> **BRIEF**: Please write out only the lines from the line with "Ceramic Bird Toilet" to the line with "Petman 1-2-dry BARF", inclusive, exactly as they stand below, without the pictures.

> **SUPPLIED DATA**:
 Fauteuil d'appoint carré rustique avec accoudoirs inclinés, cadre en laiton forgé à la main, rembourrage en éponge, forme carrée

--

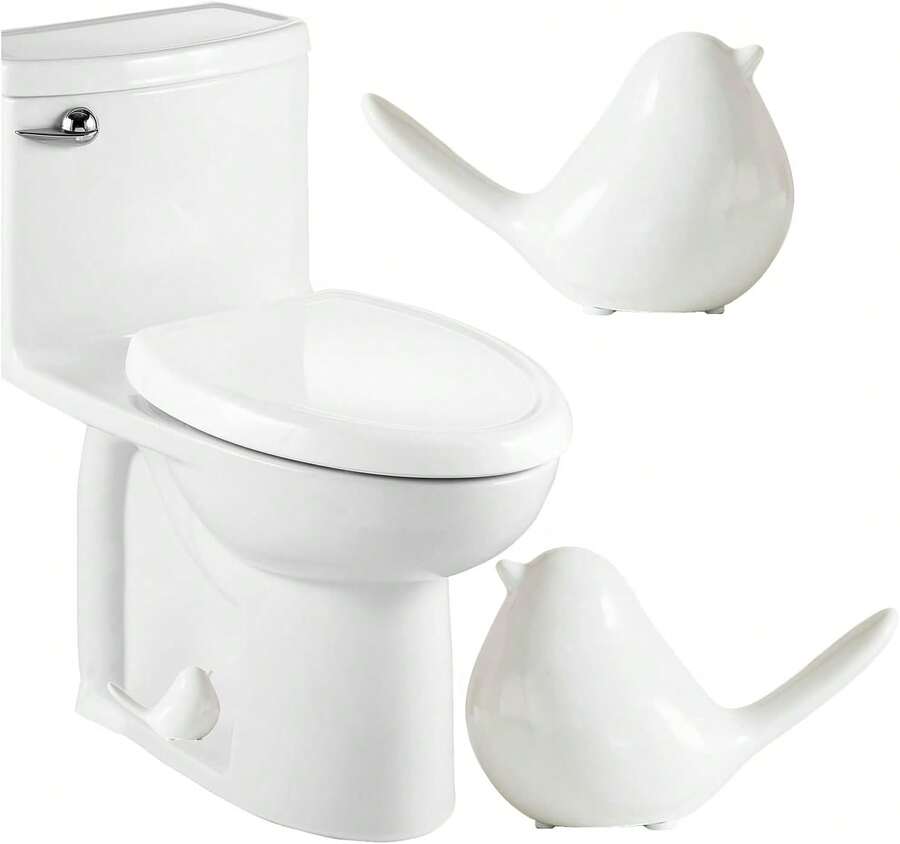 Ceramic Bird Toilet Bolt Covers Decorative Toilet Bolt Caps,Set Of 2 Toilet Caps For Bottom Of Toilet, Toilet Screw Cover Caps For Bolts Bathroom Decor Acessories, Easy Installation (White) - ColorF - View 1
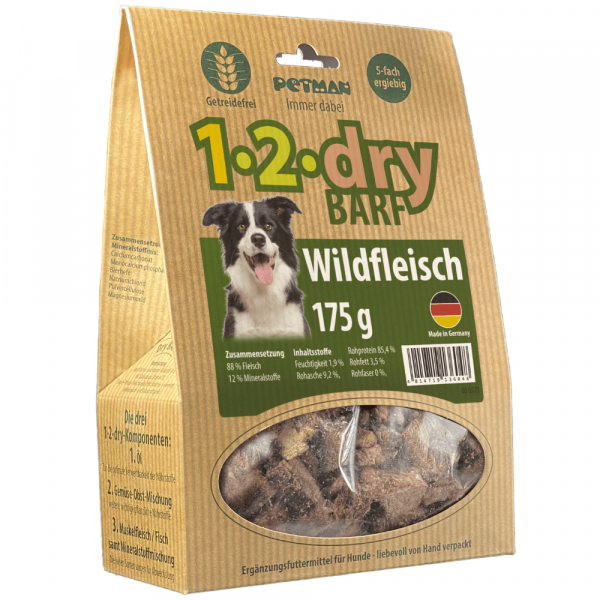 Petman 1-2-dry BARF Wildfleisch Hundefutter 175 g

> **ANSWER SPACE**:
 Ceramic Bird Toilet Bolt Covers Decorative Toilet Bolt Caps,Set Of 2 Toilet Caps For Bottom Of Toilet, Toilet Screw Cover Caps For Bolts Bathroom Decor Acessories, Easy Installation (White) - ColorF - View 1
 Petman 1-2-dry BARF Wildfleisch Hundefutter 175 g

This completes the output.